Published online by Cambridge University Press: 27 February 2009
This paper describes OARPLAN, a prototype planning system that generates construction project plans from a description of the objects that comprise the completed facility. OARPLAN is based upon the notion that activities in a project plan can be viewed as intersections of their constituents: objects, actions and resources. Planning knowledge in OARPLAN is represented as constraints based on activity constituents and their interrelationships; the planner functions as a constraint satisfaction engine that attempts to satisfy these constraints. The goal of the OARPLAN project is to develop a planning shell for construction projects that (i) provides a natural and powerful constraint language for expressing knowledge about construction planning, and (ii) generates a facility construction plan by satisfying constraints expressed in this language.
To generate its construction plan, OARPLAN must be supplied with extensive knowledge about construction objects, actions and resources, and about spatial, topological, temporal and other relations that may exist between them. We suggest that much of the knowledge required to plan the construction of a given facility can be drawn directly from a three-dimensional CAD model of the facility, and from a variety of databases currently used in design and project management software. In the prototype OARPLAN system, facility data must be input directly as frames. However, we are collaborating with database researchers to develop intelligent interfaces to such sources of planning data, so that OARPLAN will eventually be able to send high level queries to an intelligent database access system without regard for the particular CAD system in which the project was designed.

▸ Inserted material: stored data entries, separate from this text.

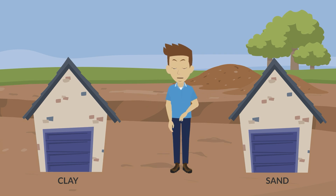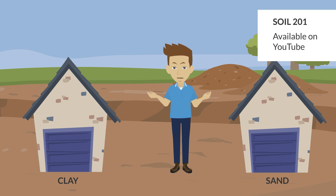Given all this, what does it take to engineer permanent flood protection in the Red River Valley? Check out our Soil 201 video to find out.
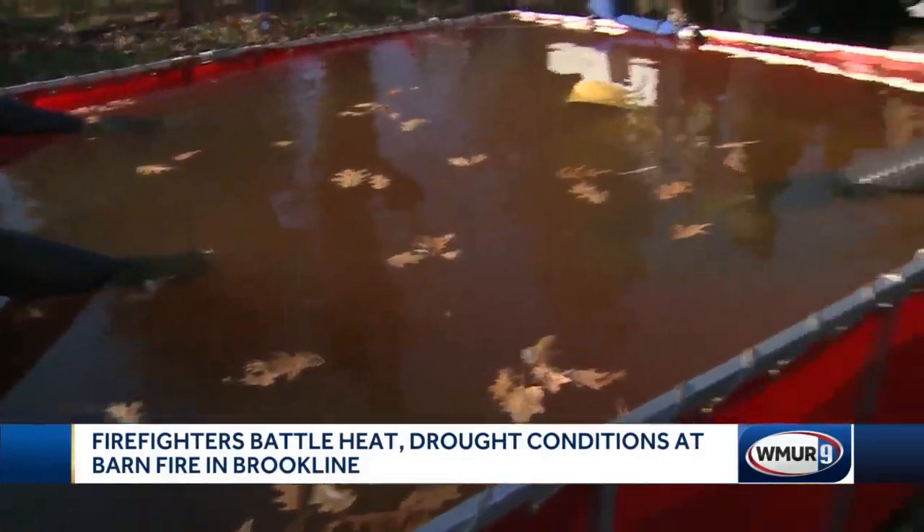Firefighters say one of the biggest problems they faced was water. Their nearest water source had dried up because of the drought, and they had to truck in water from about three-quarters of a mile away.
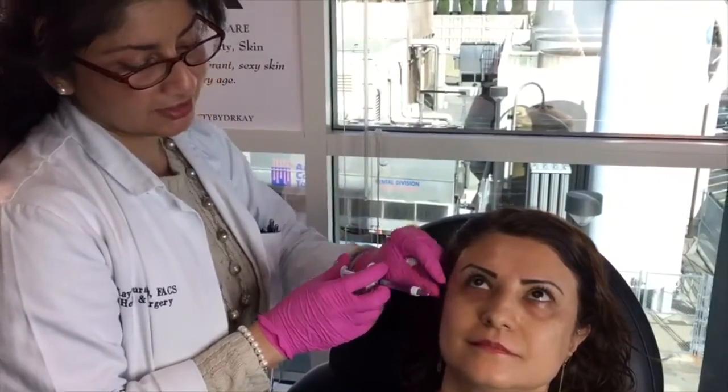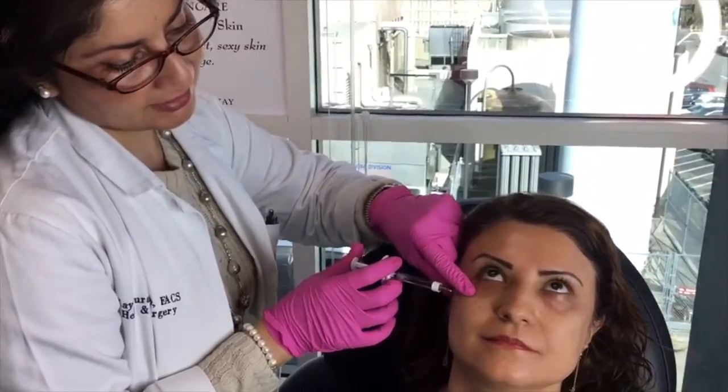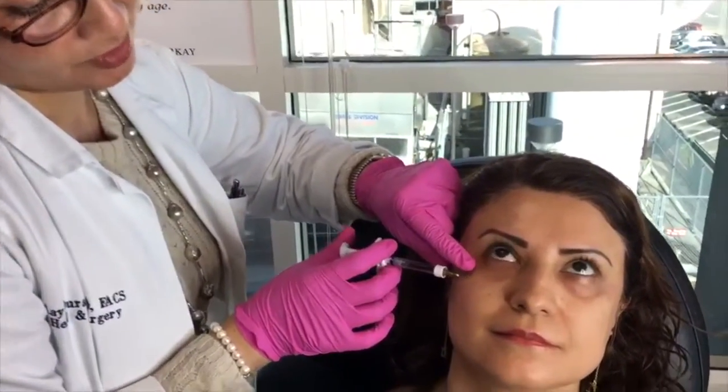I'm going to use Restylane with this cannula injection, and the purpose of the injection is for under eye treatment. We can see the cannula passing here. You might feel a little gentle tugging or pressure, but no pain.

We begin by explaining why classical AI planners and domain specific expert system approaches are both inadequate for the task of generating construction project plans. We describe the activity representation developed in OARPLAN and demonstrate its use in producing a plan of about 50 activities for a steel-frame building, based on spatial and topological constraints that express structural support, weather protection and safety concerns in construction planning. We conclude with a discussion of the research issues raised by our experiments with OARPLAN to date.